O artista plástico João Gerodetti é um apaixonado pelo tempo e por aquilo que ele causa no mundo e nas pessoas. Colecionador de cartões postais – com livros sobre o assunto que são referência –, oferece, em parte de sua obra, a oportunidade de ver a cidade de São Paulo de uma maneira muito pessoal.
Estão ali as reminiscências, ou seja, as lembranças de uma São Paulo que não existe mais, devorada pela especulação imobiliária e pela força de um pseudo-progresso. O artista explora visualmente os contrastes entre a São Paulo do passado com seus gradis, casas projetados por arquitetos italianos e igrejas tradicionais e a cidade de uma arquitetura contemporânea, muitas vezes impessoal e asséptica.
O resultado agradável e sutil é obtido em boa parte pela técnica utilizada nas pinturas. Ao combinar o traço do nanquim relacionado ao desenho, com a têmpera, material vinculado geralmente à pintura, obtém-se uma mescla que apresenta uma São Paulo de certo modo idealizada, já que nada é fotográfico.
As imagens são daquilo que já existiu e do que ficou. Os materiais empregados apontam, no esmaecimento das cores e delicadeza dos traços, um clima de certa fantasia, marcada pelo lirismo e pela construção de imagens com recorrências visuais, como os fios dos postes de luz, geralmente com traços incompletos, que se interligam nos olhos do observador.
Esses fios são uma metáfora da proposta visual de Gerodetti. Não está ali o explícito, mas a sugestão. Cada quadro evoca um passado e dialoga com o presente de modo a construir uma poética visual atemporal, regida pelo compromisso com a busca de um trabalho sincero que constitui uma forma de ver São Paulo que valoriza o que aí está sem esquecer daquilo que a cidade já foi.
Em paralelo a essa linha, existe uma outra, em que realiza assemblages com os mais diversos tipos de objetos, principalmente religiosos. Acumula figuras de santos e esculturas kitsch para compor obras que criticam a religião oficial sempre com muito bom humor, o mesmo que utiliza para ver as fachadas das igrejas brasileiras como expressões individuais, com personalidade visível em suas janelas e portas, que funcionam, na imaginação do artista, como janelas e olhos expressivos.

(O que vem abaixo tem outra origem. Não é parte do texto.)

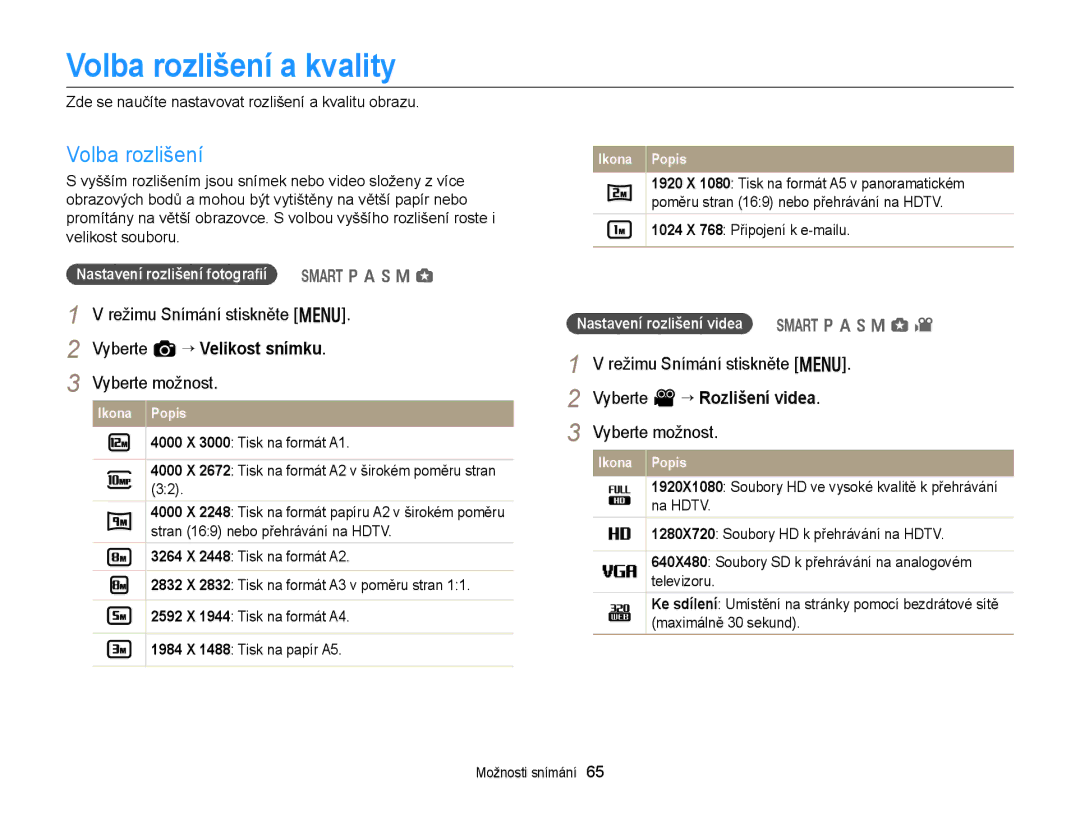 Samsung EC-EX2FZZBPBE3, EC-EX2FZZBPWE3 Volba rozlišení a kvality, Režimu Snímání stiskněte m Vyberte a “ Velikost snímku 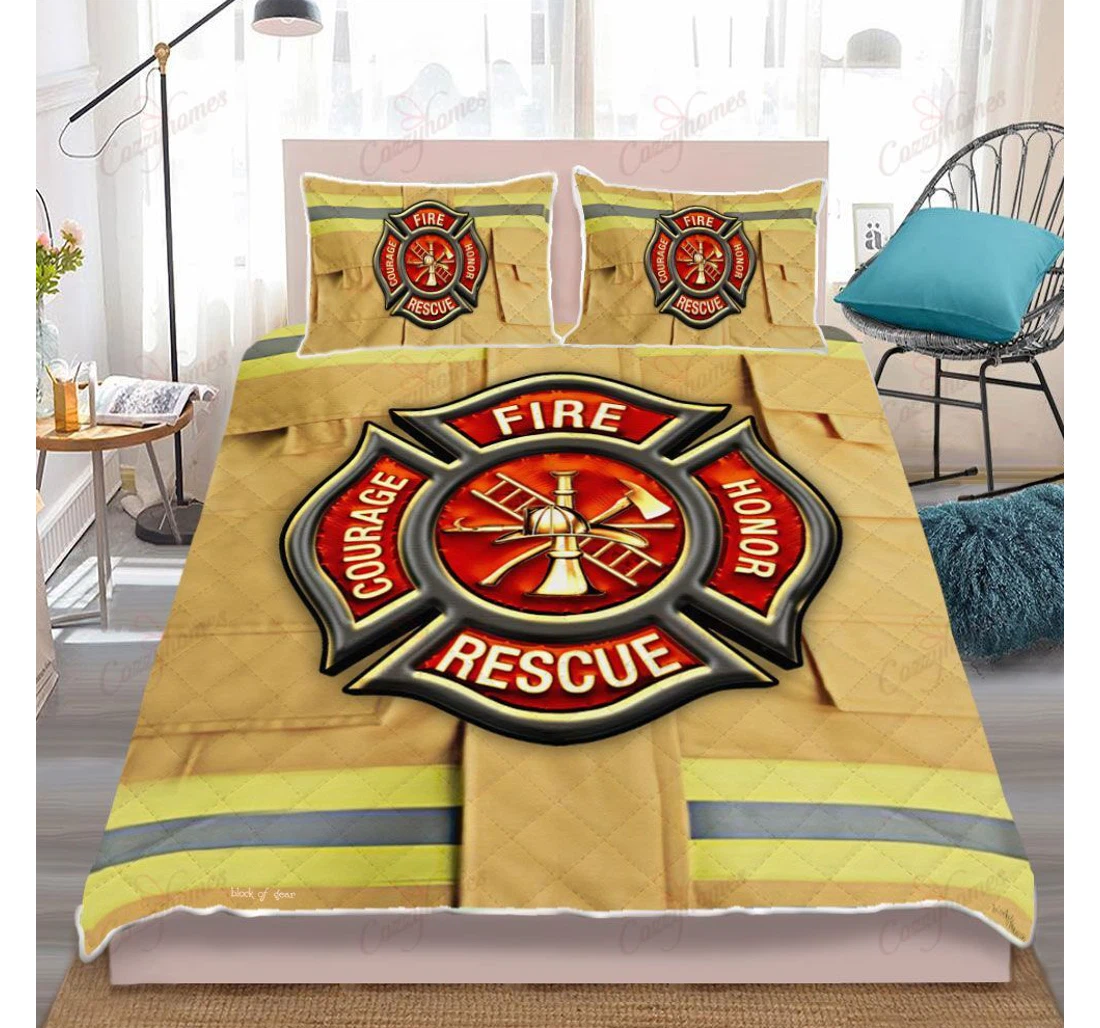 Throw Blanket, Quilt - Firefighter Set Sherpa Fleece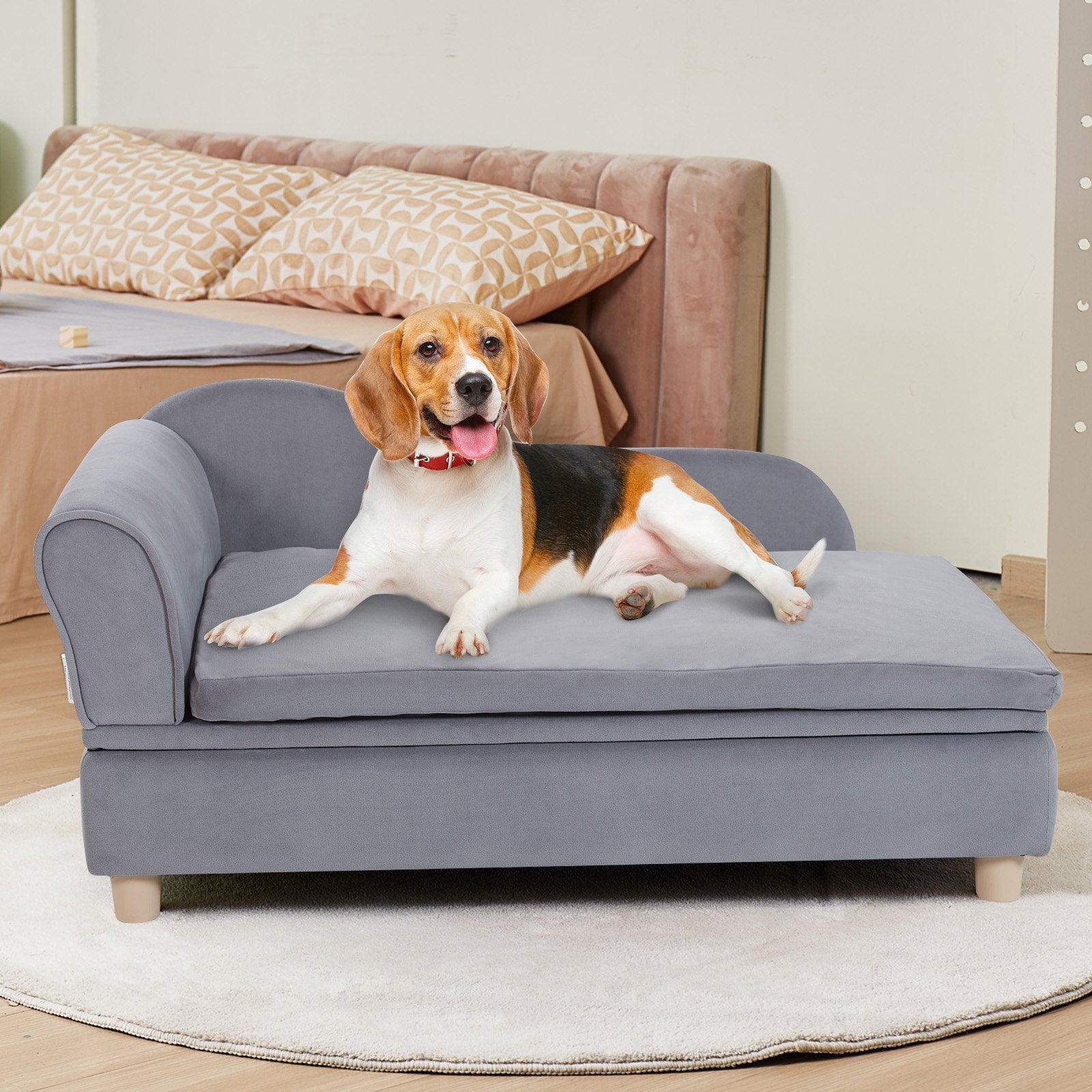 Luxurious Grey Velvet Pet Sofa Bed for Large Dogs & Cats, 110 lbs Capacity - Stylish, Comfy Couch with Quick Assembly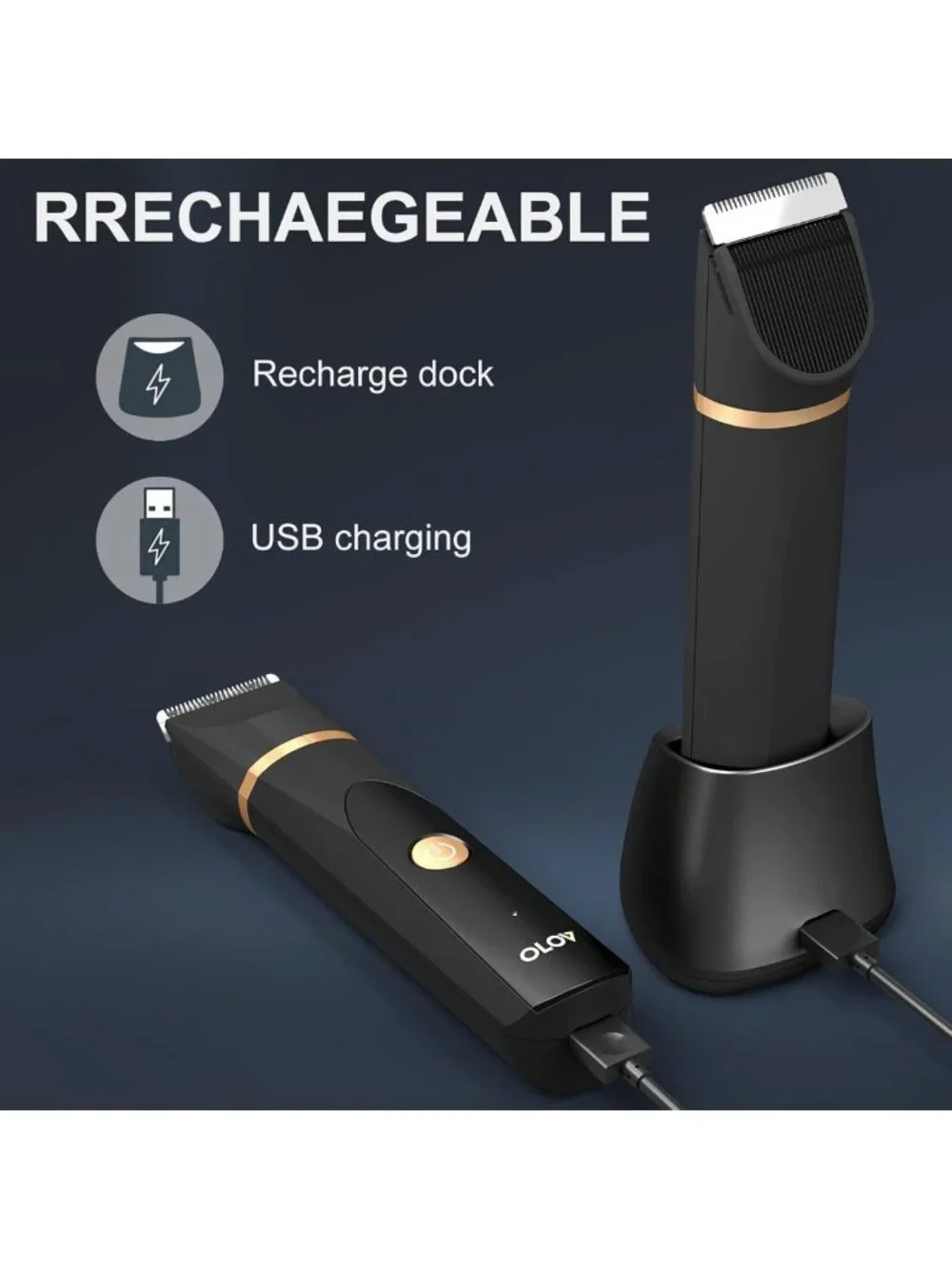 Electric Body Hair Trimmer for Men & Women - Waterproof Wet/Dry Groomer, USB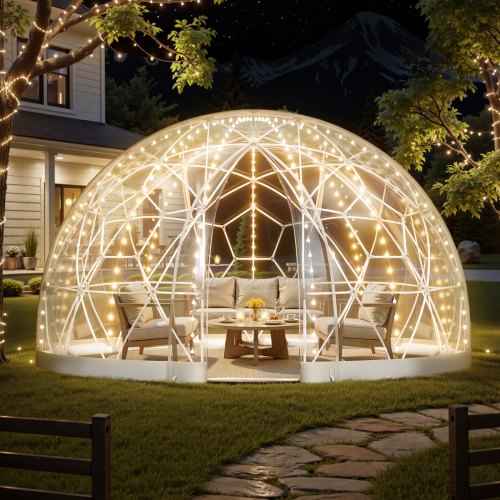 VEVOR Gartenkuppel, 3,6 x 2,2 m großes transparentes Blasenzelt für 4–7 Personen, geodätisches Kuppelgewächshaus mit Fenster, PVC-Zelt für Hinterhof, Terrasse, Camping, Party, Hochzeit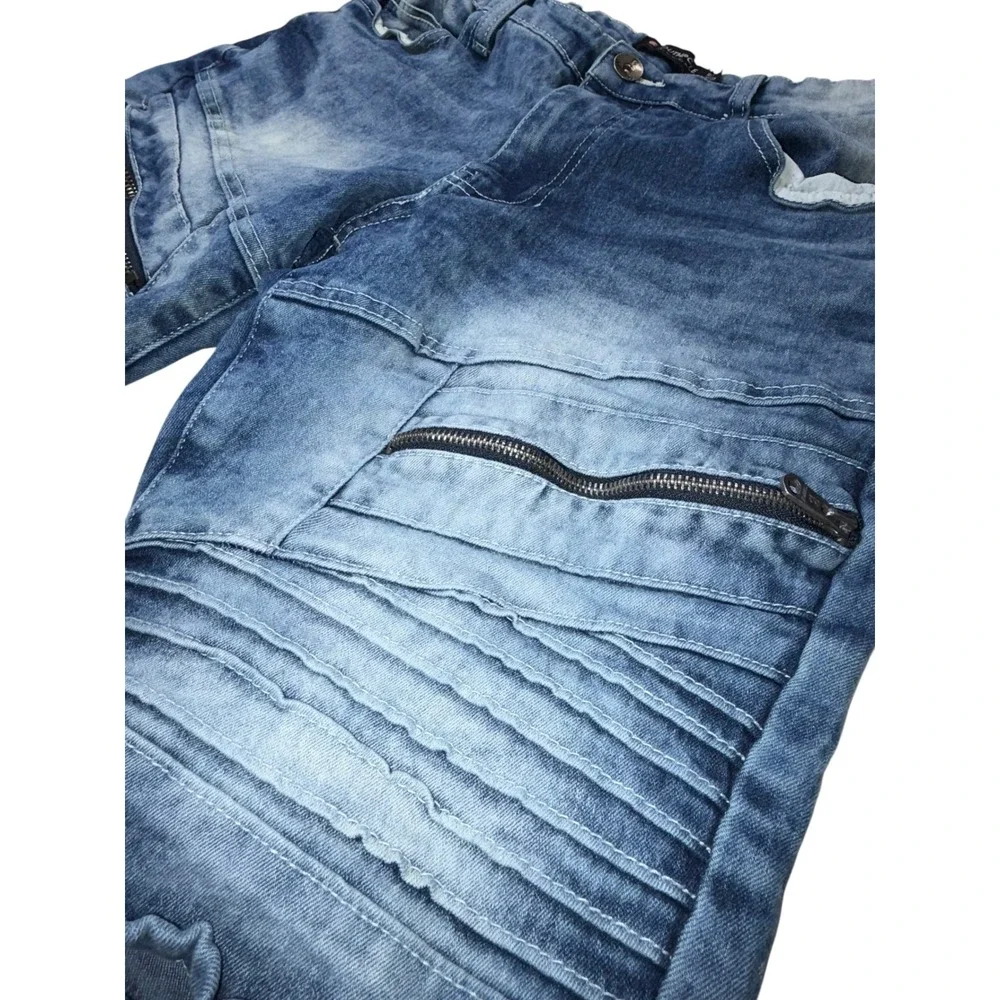 Southpole Mens Biker‎ Denim Shorts Blue Acid Wash Moto Slim Fit Size 32 Zippers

Premiado aos 12 anos por Aldo Bonadei e Odetto Guersoni num concurso de artes no Colégio Dante Alighieri, o paulistano João Gerodetti teve, bem mais tarde, uma obra escolhida por Pietro Maria Bardi para uma exposição sobre a cidade de São Paulo, seu tema favorito.
Transforma assim, com seu precocemente diferenciado de conhecedor da cidade, seu olhar de artista em quadros plenos de suavidade. Eles evidenciam, com técnica refinada, o rosto de São Paulo hoje, uma cidade cheia de contrastes cuja descoberta apenas aumenta o fascínio que por ela sentimos.